WORK ITEM – Word for word, restate the listing that follows and leave out the images.

RAW DATA –
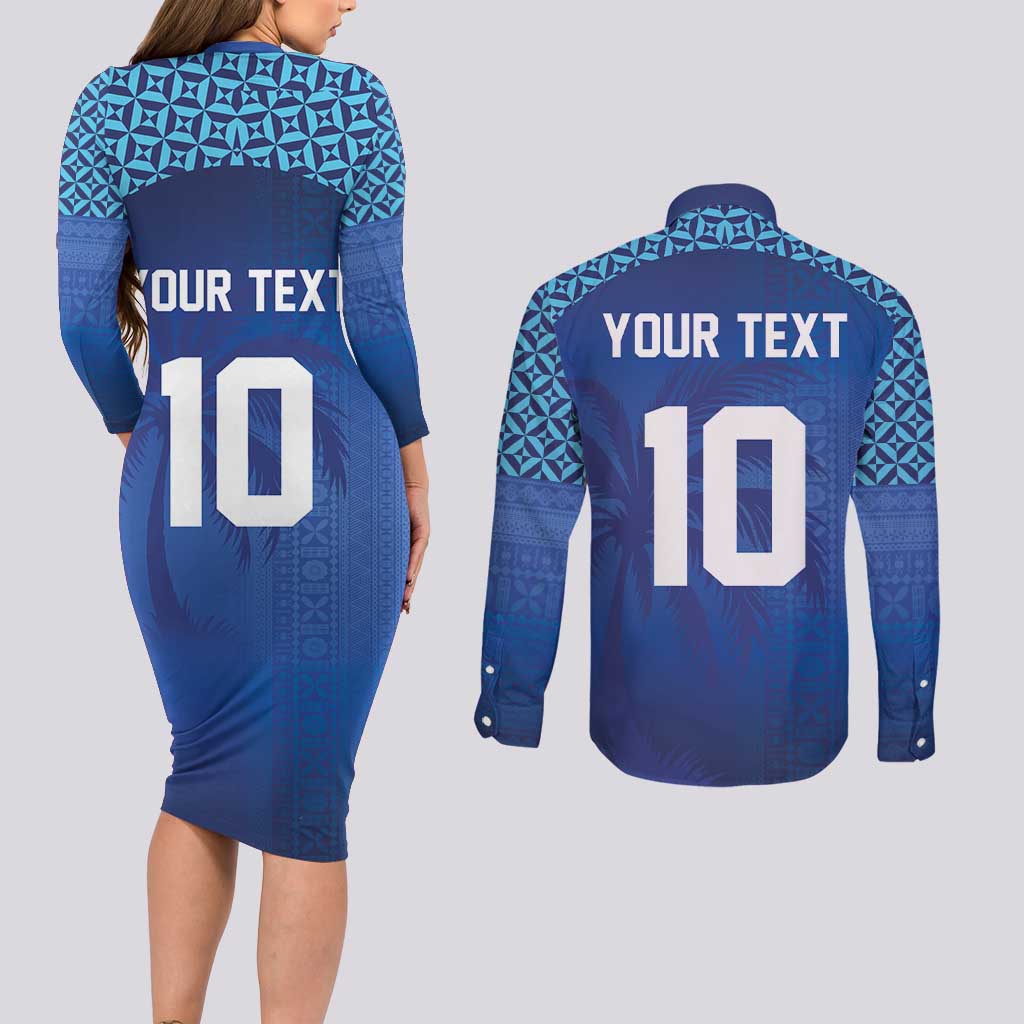 Custom Fiji Football-Towards World Cup 2026 Couples Matching Long Sleeve Bodycon Dress and Long Sleeve Button Shirt LT03 - Polynesian Pride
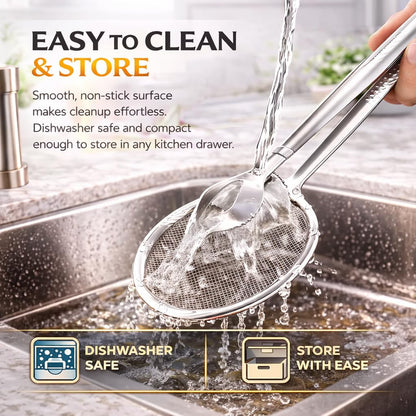 🔥🏆2-in-1 Grip & Drain Frying Strainer Tongs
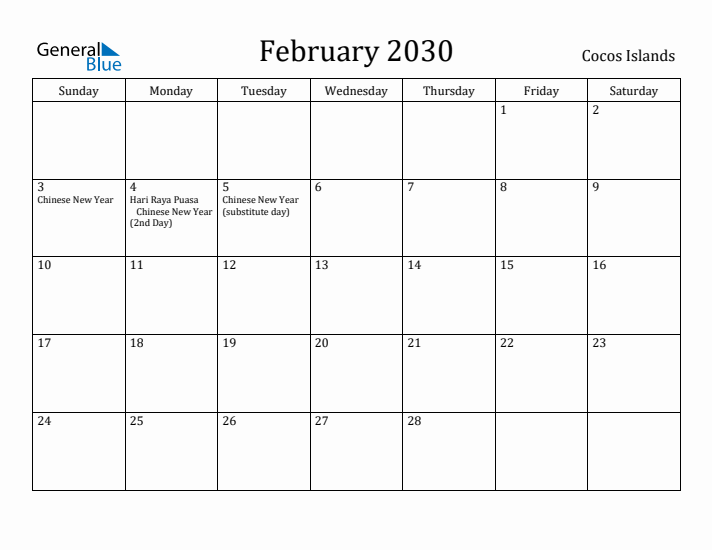 February 2030 Calendar Cocos Islands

RESPONSE TO THIS EXERCISE –
 Custom Fiji Football-Towards World Cup 2026 Couples Matching Long Sleeve Bodycon Dress and Long Sleeve Button Shirt LT03 - Polynesian Pride
 🔥🏆2-in-1 Grip & Drain Frying Strainer Tongs
 February 2030 Calendar Cocos Islands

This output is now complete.